Exercise » Copy every line from the records that holds the word "sale".

Scraped caption text data »
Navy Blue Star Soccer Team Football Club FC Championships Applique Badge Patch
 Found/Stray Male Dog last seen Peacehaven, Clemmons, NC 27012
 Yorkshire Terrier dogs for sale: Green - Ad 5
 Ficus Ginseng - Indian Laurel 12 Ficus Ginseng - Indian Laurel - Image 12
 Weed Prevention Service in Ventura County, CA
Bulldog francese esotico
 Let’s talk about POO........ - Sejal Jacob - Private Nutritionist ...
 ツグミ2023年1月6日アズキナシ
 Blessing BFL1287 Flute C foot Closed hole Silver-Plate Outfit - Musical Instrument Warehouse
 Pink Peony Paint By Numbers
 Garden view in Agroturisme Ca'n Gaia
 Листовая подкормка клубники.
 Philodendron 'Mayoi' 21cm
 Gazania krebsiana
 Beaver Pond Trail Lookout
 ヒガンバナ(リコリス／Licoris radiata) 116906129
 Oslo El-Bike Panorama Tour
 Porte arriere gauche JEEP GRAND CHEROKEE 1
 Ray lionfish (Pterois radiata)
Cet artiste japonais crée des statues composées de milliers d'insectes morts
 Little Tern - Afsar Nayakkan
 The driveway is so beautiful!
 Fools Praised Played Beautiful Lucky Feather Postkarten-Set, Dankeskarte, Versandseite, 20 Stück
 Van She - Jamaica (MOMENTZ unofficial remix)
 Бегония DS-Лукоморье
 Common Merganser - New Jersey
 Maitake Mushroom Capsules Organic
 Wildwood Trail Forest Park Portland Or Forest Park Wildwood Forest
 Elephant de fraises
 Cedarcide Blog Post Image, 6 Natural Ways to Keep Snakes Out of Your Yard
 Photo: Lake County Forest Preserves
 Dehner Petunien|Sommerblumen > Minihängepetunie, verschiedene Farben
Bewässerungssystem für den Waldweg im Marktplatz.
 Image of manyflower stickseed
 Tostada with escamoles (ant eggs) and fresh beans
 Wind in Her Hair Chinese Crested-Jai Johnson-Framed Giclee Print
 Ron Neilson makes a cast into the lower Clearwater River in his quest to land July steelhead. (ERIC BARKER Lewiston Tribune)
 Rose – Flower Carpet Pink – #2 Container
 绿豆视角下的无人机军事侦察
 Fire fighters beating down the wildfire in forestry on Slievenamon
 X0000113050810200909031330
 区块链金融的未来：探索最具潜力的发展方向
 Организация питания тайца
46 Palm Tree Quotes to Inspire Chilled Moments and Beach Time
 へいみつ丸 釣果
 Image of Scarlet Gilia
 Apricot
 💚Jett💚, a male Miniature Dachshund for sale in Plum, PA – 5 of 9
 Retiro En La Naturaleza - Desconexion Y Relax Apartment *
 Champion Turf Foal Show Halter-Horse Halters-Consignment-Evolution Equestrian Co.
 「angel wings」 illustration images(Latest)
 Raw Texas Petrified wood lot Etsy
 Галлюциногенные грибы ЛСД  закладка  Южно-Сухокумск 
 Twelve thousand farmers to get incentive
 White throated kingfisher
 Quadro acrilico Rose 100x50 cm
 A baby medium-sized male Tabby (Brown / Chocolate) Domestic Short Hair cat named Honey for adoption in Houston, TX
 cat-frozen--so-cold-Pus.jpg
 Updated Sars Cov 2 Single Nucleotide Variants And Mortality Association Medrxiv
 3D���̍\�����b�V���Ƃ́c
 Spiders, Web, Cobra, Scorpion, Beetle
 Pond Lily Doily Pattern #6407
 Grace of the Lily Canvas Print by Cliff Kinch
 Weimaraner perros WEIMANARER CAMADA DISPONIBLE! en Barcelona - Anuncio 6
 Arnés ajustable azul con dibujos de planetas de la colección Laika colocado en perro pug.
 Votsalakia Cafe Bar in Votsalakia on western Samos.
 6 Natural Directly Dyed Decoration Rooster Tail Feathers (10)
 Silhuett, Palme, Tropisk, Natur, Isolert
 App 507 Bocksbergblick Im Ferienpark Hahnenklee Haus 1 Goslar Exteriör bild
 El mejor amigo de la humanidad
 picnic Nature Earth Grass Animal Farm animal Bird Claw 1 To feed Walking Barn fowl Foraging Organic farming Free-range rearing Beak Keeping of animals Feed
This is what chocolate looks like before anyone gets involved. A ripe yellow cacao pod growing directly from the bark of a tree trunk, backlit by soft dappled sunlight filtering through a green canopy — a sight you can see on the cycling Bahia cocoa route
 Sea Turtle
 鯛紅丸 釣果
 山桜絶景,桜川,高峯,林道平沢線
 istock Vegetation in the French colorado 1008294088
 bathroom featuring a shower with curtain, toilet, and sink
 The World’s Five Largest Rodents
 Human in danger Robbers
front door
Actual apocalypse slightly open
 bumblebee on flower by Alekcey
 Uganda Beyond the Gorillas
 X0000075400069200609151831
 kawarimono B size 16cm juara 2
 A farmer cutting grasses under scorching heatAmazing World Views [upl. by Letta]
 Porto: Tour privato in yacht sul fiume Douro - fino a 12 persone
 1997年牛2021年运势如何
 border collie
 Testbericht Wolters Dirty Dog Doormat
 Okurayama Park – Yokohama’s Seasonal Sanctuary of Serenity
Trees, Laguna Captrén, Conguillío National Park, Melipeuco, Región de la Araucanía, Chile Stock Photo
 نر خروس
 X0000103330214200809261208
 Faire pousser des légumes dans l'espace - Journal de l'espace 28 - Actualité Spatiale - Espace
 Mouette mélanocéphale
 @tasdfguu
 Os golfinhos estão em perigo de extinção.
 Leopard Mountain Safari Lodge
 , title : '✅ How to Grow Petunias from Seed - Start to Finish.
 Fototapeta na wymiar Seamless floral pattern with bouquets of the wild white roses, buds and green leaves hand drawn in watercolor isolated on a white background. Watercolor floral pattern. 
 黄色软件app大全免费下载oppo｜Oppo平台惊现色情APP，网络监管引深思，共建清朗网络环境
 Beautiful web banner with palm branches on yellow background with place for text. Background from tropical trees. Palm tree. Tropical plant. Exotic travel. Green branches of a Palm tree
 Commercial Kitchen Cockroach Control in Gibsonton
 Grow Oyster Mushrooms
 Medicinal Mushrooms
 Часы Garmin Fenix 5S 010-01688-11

Output for this exercise »
 Yorkshire Terrier dogs for sale: Green - Ad 5
 💚Jett💚, a male Miniature Dachshund for sale in Plum, PA – 5 of 9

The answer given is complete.